We are the last of the savannah apes. The African savannah was very warm when our ancestors lived there. We adapted by losing most of our fur and gaining many more sweat glands. Even today we can run down and kill antelope simply by jogging after them till they overheat.

> Pj wrote: "By growing more intelligent there was still no logical reason for modern man to lose the strength of our alleged ancestors."

Strength comes at the cost of dexterity. Watch a chimp try to throw a rock or a spear sometime. They are very bad at it. Bulky muscles also interfere with distance-running and temperature regulation on the hot savannah. Bulky muscles also require more food to maintain.

> Pj wrote: "If evolution took place over billions of years there is in fact no reasoning to growth of the human species intelligence over the last few thousand years."

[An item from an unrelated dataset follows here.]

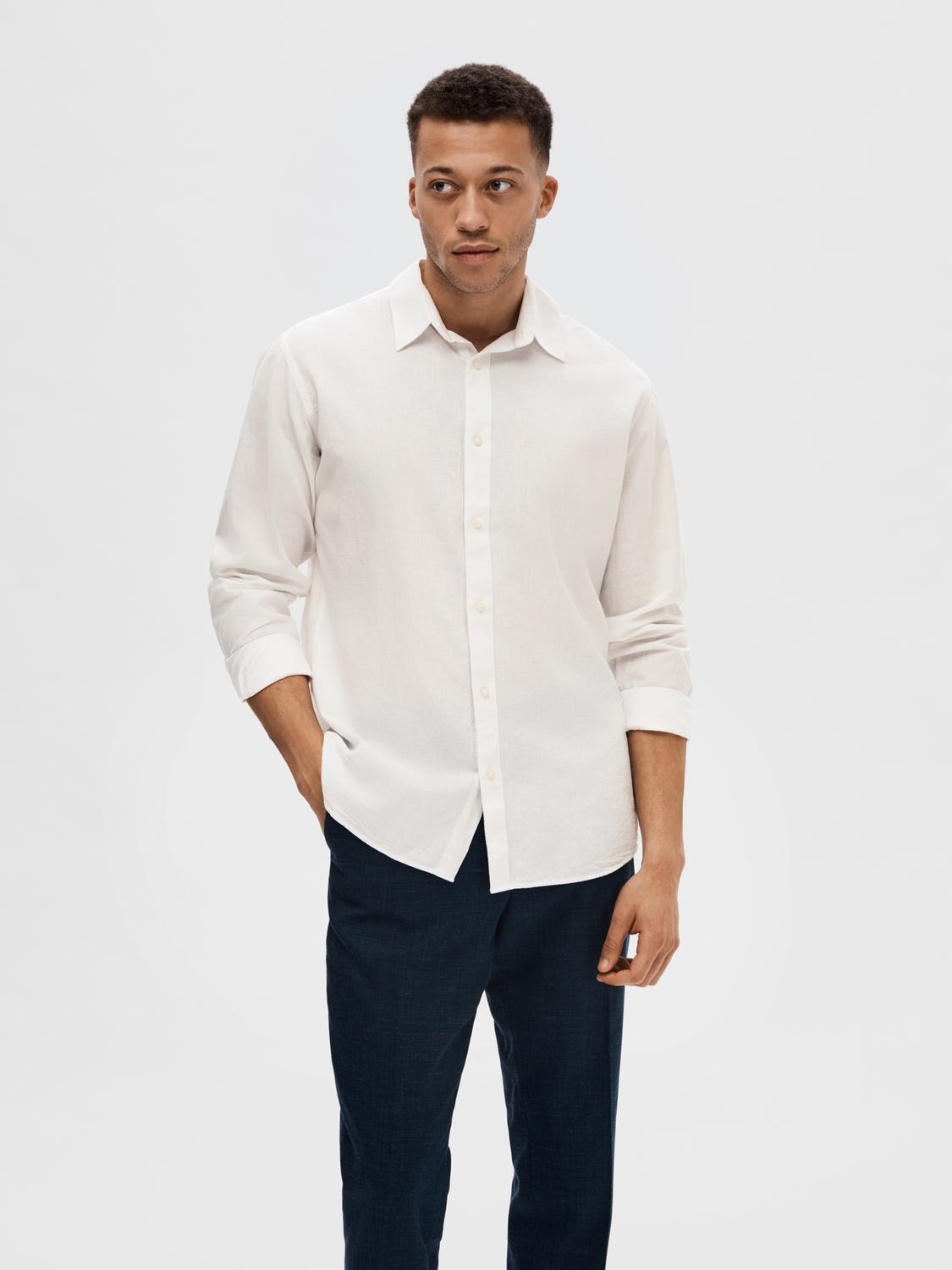 SELECTED HOMME Leinenhemd "NEW-LINEN SHIRT", unifarben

It's been the last few million years, not the last few thousand. And the reason our brains grew bigger than any previous species is that big brains are costly, and only certain circumstances cause them to be adaptive. Our ape ancestors left the forests and jungles and started trying to live in the savannahs. The advantages they brought to the new environment were fairly high intelligence, dextrous hands, and (presumably) very basic tool use such as chimps have now. Those were the characteristics that natural selection honed, and together they complimented each other and allowed our ancesters to survive. Something like a lion or a gopher, on coming to the savannah, would have other advantages for natural selection to work with. Very large brains wouldn't be particularly helpful for lions or gophers, because the benefits wouldn't balance the drawbacks. Drawbacks include very long childhood dependencies, increased food requirements, increased helplessness of infants, and increased pain and risk of death from childbirth. Only the ability to make better and better tools makes all that worth it. Smarter lions or gophers still can't make tools.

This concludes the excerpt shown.